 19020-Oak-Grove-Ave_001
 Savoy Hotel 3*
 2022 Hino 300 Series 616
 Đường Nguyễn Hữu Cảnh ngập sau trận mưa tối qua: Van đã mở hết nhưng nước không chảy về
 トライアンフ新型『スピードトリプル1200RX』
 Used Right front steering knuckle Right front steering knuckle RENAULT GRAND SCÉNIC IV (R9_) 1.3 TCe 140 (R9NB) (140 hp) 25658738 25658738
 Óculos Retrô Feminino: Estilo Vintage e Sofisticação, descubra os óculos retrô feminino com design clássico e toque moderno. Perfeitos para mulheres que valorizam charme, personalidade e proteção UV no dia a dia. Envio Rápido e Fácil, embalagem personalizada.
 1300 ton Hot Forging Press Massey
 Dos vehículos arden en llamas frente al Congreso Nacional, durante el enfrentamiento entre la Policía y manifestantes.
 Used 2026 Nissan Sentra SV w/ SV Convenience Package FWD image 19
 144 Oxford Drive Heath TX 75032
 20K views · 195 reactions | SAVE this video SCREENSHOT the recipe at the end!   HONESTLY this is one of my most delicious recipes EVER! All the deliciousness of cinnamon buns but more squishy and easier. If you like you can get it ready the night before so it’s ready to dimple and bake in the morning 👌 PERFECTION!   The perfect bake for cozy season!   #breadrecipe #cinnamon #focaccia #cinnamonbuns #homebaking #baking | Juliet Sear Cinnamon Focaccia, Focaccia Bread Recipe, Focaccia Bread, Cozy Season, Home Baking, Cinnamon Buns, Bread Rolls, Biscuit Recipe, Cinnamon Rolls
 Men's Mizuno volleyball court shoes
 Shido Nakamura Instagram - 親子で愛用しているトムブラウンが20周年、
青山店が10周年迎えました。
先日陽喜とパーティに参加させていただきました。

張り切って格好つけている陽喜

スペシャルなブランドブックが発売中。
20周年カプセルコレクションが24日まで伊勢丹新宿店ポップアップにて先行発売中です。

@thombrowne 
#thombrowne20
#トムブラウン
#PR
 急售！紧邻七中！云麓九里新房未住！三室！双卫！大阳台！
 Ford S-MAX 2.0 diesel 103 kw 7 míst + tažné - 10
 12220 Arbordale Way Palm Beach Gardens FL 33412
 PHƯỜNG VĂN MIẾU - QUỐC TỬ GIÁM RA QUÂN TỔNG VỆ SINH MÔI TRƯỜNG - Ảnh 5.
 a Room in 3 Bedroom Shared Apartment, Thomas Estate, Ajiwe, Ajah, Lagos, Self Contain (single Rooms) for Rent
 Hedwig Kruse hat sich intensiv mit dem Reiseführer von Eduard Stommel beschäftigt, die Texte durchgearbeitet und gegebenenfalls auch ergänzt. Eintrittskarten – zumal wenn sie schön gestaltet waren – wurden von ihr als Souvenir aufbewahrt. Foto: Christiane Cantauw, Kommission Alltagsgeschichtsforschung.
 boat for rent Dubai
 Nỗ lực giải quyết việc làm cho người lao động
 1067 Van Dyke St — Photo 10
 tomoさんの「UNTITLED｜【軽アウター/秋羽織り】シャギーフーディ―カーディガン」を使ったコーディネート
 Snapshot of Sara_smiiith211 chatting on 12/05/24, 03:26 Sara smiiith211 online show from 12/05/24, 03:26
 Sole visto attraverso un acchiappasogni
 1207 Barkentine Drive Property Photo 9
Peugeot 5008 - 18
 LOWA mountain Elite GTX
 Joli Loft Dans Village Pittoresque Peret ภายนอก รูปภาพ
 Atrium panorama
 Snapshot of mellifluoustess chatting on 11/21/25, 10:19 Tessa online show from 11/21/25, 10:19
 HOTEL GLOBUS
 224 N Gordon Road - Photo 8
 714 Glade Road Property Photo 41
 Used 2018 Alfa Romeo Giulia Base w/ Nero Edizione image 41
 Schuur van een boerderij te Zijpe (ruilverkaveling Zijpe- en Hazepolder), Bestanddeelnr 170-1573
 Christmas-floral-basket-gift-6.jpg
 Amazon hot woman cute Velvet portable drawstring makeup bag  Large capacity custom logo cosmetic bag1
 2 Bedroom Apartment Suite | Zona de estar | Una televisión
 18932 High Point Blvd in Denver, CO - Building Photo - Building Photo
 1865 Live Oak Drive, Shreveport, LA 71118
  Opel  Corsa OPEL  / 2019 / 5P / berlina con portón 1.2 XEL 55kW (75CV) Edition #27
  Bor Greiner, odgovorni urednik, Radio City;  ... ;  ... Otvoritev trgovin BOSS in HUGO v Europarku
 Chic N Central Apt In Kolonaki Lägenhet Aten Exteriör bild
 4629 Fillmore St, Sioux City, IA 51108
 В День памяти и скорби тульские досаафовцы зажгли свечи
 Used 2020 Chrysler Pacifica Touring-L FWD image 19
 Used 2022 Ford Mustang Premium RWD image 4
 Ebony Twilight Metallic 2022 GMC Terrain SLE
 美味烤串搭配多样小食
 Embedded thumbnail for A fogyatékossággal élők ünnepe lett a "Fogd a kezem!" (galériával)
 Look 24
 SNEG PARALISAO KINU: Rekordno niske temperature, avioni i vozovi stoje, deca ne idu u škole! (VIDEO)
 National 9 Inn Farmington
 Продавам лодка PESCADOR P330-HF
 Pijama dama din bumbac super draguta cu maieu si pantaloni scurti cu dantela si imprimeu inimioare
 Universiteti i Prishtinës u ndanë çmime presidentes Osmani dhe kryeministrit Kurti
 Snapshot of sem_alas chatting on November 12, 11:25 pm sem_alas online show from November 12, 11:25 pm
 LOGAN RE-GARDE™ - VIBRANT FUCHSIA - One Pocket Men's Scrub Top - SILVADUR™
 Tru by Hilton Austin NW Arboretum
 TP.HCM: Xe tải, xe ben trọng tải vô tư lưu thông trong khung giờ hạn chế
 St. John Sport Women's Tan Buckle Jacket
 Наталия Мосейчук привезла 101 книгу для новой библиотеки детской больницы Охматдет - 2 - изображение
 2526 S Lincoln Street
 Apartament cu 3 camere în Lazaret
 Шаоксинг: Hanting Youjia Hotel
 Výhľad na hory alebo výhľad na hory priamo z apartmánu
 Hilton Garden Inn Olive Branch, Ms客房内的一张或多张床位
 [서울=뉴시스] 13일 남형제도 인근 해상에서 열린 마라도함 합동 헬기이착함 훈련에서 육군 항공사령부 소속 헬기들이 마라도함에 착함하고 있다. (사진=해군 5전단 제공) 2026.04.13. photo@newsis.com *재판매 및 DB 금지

**Work request**
Look through the material above for the string "Bedroom" and copy each line that has it.

**The completed task**
 a Room in 3 Bedroom Shared Apartment, Thomas Estate, Ajiwe, Ajah, Lagos, Self Contain (single Rooms) for Rent
 2 Bedroom Apartment Suite | Zona de estar | Una televisión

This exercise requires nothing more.